As Zack Beauchamp of Vox notes, the uprising that brought that part of the Canada-U.S. border to a standstill and has terrorized the city of Ottawa "is on the fringe, including among Canadian truckers — some 90 percent of whom are vaccinated." It's a group of right-wingers who "are angry because they have lost" and are trying to gain by force what they cannot through democratic means. And yet, it's become a cause célèbre on Fox News, causing comically overwrought claims like it's "the single most successful human rights protest in a generation." 

Fox News doesn't like the blockade despite its widespread unpopularity — they support it because it's unpopular.

As with the January 6 insurrection, the trucker tantrum is viewed by right-wing media as a model for how the embittered white conservative majority can impose its will without getting public support. Both the insurrection and the trucker tantrum are a far-right minority expressing a belief that they entitled to rule, no matter what. And while the Ottawa demonstration has so far not been as violent as the January 6 insurrection, it is still about using force — by taking the economy hostage and intimidating the residents with the threat of violence — to obtain what conservatives cannot gain fairly. 

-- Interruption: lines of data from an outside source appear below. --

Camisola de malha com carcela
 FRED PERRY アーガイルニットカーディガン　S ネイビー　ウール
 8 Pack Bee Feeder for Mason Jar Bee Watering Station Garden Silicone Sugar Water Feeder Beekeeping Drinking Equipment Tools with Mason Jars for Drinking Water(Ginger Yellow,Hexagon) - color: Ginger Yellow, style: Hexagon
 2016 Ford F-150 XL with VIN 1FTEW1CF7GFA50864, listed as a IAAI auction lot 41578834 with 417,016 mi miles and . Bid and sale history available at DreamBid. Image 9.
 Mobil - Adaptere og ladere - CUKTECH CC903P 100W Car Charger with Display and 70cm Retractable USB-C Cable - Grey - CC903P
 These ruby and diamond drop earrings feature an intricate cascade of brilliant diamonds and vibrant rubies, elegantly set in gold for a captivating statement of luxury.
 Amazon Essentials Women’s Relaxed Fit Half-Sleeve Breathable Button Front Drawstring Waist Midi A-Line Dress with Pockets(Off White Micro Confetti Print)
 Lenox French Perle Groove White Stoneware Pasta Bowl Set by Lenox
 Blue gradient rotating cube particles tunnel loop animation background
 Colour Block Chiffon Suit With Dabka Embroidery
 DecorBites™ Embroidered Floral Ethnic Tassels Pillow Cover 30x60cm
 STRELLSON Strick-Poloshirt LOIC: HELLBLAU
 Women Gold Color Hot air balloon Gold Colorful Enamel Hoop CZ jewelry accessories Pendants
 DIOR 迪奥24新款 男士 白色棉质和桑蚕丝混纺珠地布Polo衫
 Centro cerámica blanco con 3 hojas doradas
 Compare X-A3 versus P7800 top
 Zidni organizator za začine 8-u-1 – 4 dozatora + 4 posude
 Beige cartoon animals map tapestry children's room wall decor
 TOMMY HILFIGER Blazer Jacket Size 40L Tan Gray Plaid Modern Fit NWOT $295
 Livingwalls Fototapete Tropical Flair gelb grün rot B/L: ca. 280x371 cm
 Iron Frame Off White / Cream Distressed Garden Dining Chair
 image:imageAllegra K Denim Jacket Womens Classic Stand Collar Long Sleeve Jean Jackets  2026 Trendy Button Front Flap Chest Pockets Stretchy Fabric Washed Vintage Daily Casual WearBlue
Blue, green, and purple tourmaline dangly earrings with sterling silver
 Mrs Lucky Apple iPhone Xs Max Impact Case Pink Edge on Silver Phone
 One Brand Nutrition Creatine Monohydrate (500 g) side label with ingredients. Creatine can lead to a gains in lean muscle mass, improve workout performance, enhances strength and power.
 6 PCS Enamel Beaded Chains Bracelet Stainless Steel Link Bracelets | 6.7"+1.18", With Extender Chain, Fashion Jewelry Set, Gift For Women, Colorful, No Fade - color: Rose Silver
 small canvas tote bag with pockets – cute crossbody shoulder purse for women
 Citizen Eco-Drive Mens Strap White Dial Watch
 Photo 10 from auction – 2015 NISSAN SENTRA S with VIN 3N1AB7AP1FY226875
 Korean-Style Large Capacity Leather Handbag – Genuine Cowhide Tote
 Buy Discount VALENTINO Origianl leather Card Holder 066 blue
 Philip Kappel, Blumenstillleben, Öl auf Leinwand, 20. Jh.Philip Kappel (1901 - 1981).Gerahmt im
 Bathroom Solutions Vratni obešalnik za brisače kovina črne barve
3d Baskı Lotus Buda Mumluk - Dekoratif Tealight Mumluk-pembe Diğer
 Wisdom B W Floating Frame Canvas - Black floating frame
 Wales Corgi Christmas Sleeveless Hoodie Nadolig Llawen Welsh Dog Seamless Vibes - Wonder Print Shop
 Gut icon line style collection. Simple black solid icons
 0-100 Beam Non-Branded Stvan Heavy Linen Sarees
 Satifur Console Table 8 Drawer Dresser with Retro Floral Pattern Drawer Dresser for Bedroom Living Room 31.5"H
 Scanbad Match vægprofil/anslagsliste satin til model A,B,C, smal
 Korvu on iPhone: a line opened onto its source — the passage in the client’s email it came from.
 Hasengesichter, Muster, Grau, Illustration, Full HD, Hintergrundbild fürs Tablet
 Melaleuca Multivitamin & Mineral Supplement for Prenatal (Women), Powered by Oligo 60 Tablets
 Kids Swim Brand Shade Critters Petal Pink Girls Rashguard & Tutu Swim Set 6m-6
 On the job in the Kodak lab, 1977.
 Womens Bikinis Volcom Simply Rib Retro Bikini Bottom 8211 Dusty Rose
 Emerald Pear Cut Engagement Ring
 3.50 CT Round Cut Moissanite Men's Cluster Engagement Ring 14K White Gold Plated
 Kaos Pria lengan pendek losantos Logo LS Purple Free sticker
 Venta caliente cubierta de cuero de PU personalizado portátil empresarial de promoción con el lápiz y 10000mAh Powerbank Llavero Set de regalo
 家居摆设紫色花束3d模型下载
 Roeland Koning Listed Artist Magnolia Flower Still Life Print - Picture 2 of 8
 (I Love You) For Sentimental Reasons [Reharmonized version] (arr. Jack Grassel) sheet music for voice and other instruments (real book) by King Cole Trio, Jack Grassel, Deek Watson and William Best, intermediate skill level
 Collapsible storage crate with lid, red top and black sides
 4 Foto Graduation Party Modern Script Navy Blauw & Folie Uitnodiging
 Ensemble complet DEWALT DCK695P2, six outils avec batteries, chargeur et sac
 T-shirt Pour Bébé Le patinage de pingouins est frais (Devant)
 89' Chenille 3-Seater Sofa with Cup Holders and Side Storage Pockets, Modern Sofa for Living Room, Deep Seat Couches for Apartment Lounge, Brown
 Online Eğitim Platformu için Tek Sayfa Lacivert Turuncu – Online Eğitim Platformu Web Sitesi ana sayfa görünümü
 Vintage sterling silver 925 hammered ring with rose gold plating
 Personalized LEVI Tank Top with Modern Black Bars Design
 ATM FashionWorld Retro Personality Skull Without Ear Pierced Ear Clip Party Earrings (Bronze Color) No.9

This shift from being anti- to pro-terrorism among Republicans can really be traced back to Nevada rancher Cliven Bundy's 2014 standoff with the Bureau of Land Management(BLM) and his sons' subsequent 2016 occupation of the Malheur National Wildlife Refuge. That's when a group of far-right extremists, led by brothers Ryan and Ammon Bundy, seized control of a visitor's center at an Oregon national wildlife refuge, spouting a bunch of incoherent demands that amounted to a belief that a democratically elected government had no right to pass laws restricting the right of white men to wreak as much environmental damage as they damn well pleased. The fight quite literally started because the occupiers didn't believe the government had a right to convict two men who had set fire to federal lands to protest not being allowed to graze their cattle there. 

RELATED: How the fringe ideology of anti-government cranks is becoming the GOP mainstream

The occupiers were domestic terrorists, trying to obtain through violence what they couldn't through fair engagement in politics. But while Republicans formally condemned the violence, they were also tripping over each other to validate the asinine complaints of the occupiers. Multiple GOP congressmen even drew on arguments that came from fringe authoritarian writers who believe in things like turning the U.S. into a Christian theocracy. Even more troublingly, the occupiers were found "not guilty" at their trial, suggesting that by October of 2016, enough Republicans were pro-terrorism enough to make it impossible to put together a jury to convict in a case that should have been a slam dunk. So that Trump was able to cobble together enough votes the next month to win the electoral college should not, in retrospect, have been a surprise.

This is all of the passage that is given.